Tuesday, November 13, 2007

Dancing with Exoticism

For a little while now, exoticism has bothered me. The practice of it does not bother me so much as the label itself. Some poets and artists I know are wary of the appellation and try to avoid any reference to cultures not their own, like an unleashed pit bull. This disturbs me on many levels.

Wikipedia says this:
Exoticism, by definition, is "the charm of the unfamiliar." Scholar Alden Jones defines exoticism in art and literature as the representation of one culture for consumption by another. An archetypical example is the artist and writer Paul Gauguin and his representations of Tahitian people and landscapes for a French audience.
This doesn't sound bad at all. Foreign lands have always been the topic of great works of art. Even Beowulf deals with the mysteries and charms of travel. We all want to see things yet unseen. Rumi writes about venturing into the void. Hamlet is enamored with the undiscovered country. We want something from these places. What artist has not reached into the darkness to extract something for their audiences? Isn't it precisely that which we love about artists? They go places we haven't; they have things we don't.

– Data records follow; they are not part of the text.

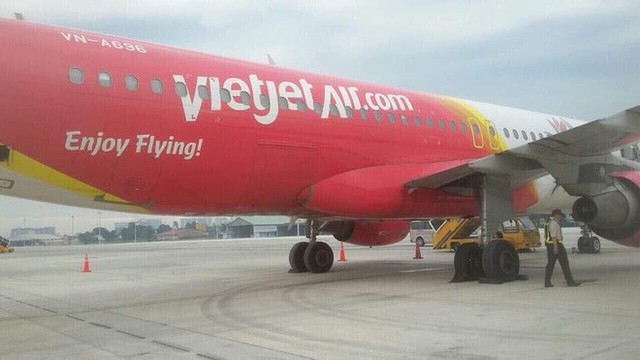 Máy bay Vietjet bục lốp khi hạ cánh xuống sân bay Tân Sơn Nhất - Ảnh 1.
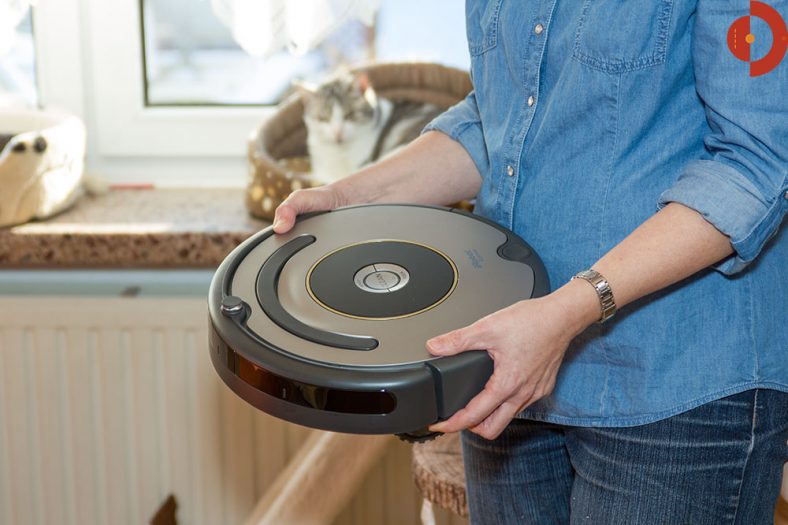 irobot-roomba-600-Serie-615-616-frau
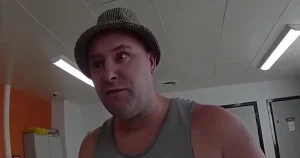 Moment con man thought he was getting out of prison before being arrested at the gate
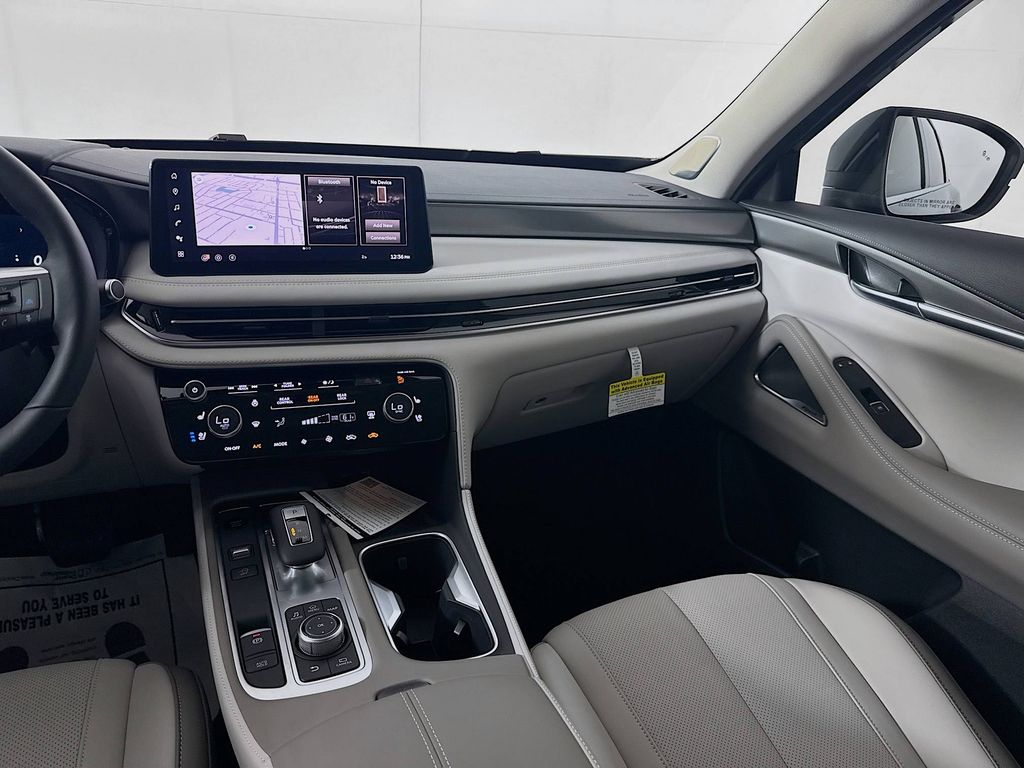 2026 Infiniti QX60 Luxe photo 27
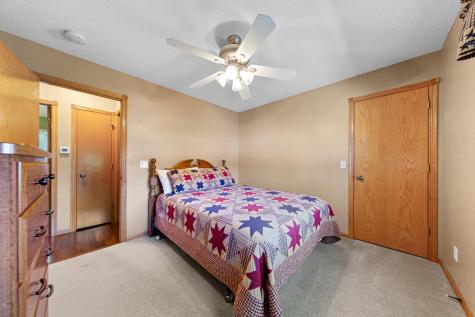 425 Hazeltine Place NE Owatonna MN 55060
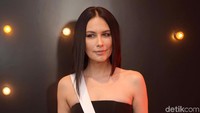 Sophia Latjuba saat ditemui di kawasan Kebon Jeruk, Jakarta Barat pada Senin (12/11) malam. Pool/Noel/detikFoto.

If Mata Hari were just another European dancer, she might have escaped the firing squad. Inspiration from afar became the very thing that people feared in her. She had unearthly powers to seduce men of rank, the charm of the foreign, supposedly. She defined exotic dancing, something considered taboo even now in the west. Her execution is tragic. It is the only good reason I can think of to fear Exoticism. When you're different, stupid people tend to fear and hate you.

But as an artist, you already run the risk; the hounds may turn on you at any moment.

Language itself is foreign. This external thing we use to describe and define our internal machinations is a star we can only study at a distance. Every story is forbidden, every word is an ember, every sentence a prominence. The star-dogged moon is a disastrous omen, but it is beautiful, and everyone loves stars.

Language is the closest star. When we make art from language, we are skirting the scorching periphery .

I can't tell you who the poets and writers are who are afraid of exoticism. They asked me not to mention their names. But they're fairly famous and very smart. I think they are afraid of becoming Victorians who appropriate, quantify, and quaintify culture. They seem to think that exoticism is akin to racism. But celebrating the beauty and charm of the foreign is not sinister. And i don't think anyone will ever mistake them for Victorians.

Perhaps exoticism is one of those words that gets barked and howled into the night sky so often that it loses its meaning. But if you are going to be afraid of the night or the sounds therein, stay indoors.

I'd rather my work be exotic than domestic.

1 comment:

Glenn Ingersoll said...

You should write about what you know, you exotic foreign flower you.